The question of whether Baltimore is a leading data city underscores a coalition of public agencies coming together with a nonprofit to build a platform that could assist youth educational attainment and economic mobility.
The group comprises the Baltimore City Health Department, the Mayor’s Office, Baltimore City Public Schools and Baltimore’s Promise (BP). The four entities are using a grant from Modernized Anti-Racist Data Ecosystems (MADE) for Health Justice to support the implementation of the Baltimore City Youth Data Hub.
The coalition has a primary objective of creating a locally-focused data ecosystem with a health emphasis, rooted in principles of anti-racism, equity, justice and community. Its work is connected to Maryland Senate bill SB0870, which was passed in 2022 and cross-filed in the General Assembly with HB1276; both bills established the Baltimore City Youth Data Hub’s existence. According to the website of the de Beaumont Foundation, of which MADE for Health Justice is a new initiative, the hub particularly focuses on the needs of Black, Indigenous, Latinx and immigrant youth.
The coalition hopes the data hub will provide valuable insights to city leaders and youth service providers in Baltimore through the consistent production of information that helps expand access to youth opportunities and services throughout the year.
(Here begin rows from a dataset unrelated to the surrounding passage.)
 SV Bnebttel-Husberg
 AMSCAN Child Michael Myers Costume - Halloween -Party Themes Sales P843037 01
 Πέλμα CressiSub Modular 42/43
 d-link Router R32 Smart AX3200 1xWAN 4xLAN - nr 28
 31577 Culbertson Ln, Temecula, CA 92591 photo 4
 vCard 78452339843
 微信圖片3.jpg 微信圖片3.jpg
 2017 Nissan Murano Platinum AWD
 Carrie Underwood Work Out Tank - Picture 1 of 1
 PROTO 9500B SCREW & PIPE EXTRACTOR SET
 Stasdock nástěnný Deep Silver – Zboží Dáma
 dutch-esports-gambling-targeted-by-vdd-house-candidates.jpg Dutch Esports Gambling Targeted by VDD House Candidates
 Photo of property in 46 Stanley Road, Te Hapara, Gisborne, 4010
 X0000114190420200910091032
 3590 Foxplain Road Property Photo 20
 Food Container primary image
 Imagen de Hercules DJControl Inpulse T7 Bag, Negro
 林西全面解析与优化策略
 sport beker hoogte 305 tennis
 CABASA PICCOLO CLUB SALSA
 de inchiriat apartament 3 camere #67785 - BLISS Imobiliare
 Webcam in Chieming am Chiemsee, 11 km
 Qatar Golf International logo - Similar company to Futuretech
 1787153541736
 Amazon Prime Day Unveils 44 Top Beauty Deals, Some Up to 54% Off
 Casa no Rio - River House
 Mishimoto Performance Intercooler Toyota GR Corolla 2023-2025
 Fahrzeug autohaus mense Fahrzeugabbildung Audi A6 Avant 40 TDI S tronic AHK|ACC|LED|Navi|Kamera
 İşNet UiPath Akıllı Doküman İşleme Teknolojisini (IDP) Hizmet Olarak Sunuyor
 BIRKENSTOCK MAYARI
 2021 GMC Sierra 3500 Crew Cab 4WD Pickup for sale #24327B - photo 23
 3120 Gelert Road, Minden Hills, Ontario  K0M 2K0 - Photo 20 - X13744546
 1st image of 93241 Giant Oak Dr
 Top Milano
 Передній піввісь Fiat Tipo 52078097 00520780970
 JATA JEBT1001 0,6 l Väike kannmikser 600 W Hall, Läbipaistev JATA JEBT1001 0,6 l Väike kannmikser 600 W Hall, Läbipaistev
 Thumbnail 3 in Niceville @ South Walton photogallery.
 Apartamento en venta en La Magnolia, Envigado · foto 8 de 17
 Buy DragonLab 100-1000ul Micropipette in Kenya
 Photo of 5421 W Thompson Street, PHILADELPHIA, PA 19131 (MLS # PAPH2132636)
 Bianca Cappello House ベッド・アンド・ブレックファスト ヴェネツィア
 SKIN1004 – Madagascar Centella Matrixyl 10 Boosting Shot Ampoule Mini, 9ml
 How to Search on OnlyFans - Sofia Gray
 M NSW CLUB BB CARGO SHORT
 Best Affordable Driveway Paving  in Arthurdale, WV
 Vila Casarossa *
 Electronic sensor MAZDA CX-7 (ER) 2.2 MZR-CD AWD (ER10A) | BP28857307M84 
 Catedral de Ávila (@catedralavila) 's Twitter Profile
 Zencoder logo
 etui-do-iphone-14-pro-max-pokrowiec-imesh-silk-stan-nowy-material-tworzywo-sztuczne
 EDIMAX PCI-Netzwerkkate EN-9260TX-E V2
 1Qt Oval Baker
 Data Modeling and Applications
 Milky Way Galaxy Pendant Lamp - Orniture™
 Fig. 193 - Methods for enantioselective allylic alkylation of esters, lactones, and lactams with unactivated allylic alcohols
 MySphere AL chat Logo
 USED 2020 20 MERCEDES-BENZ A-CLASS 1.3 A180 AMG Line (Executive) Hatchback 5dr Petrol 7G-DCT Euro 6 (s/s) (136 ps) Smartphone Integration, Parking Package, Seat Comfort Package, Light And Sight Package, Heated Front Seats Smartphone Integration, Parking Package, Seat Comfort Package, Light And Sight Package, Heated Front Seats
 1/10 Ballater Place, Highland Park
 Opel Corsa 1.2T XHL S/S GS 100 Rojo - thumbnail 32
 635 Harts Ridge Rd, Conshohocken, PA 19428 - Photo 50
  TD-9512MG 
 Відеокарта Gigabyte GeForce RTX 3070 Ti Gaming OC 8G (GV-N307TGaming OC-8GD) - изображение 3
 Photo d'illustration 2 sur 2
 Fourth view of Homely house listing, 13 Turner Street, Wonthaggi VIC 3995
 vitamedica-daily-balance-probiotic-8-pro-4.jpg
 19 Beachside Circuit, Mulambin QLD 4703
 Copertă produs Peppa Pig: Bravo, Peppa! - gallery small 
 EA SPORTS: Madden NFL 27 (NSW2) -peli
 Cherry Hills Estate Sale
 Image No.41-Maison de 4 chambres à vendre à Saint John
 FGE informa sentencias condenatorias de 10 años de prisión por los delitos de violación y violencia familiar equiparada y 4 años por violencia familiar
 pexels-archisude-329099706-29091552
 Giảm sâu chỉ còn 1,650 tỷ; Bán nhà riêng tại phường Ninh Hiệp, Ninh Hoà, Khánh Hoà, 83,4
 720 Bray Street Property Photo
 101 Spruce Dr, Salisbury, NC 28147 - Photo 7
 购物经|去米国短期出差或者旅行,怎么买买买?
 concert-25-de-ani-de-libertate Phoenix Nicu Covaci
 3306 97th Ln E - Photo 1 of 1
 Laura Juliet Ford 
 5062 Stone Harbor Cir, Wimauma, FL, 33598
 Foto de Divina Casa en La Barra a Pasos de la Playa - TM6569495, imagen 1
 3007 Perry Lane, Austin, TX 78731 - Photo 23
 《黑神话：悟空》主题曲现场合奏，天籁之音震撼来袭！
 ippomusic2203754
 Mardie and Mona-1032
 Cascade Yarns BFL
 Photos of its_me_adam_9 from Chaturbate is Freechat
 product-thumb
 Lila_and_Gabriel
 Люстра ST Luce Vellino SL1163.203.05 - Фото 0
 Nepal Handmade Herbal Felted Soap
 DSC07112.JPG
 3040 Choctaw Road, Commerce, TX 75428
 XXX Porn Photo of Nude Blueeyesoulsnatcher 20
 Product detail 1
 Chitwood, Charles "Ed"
Equipping city leaders with the knowledge needed to make informed decisions regarding funding, policies and strategies that support Baltimore’s youth and families is a top priority for coalition leaders like Baltimore’s Promise CEO Julia Baez. The leader of the organization, which focuses on supporting the city’s children and families, said that the money will be directly disbursed to people and groups involved in research and advisory roles.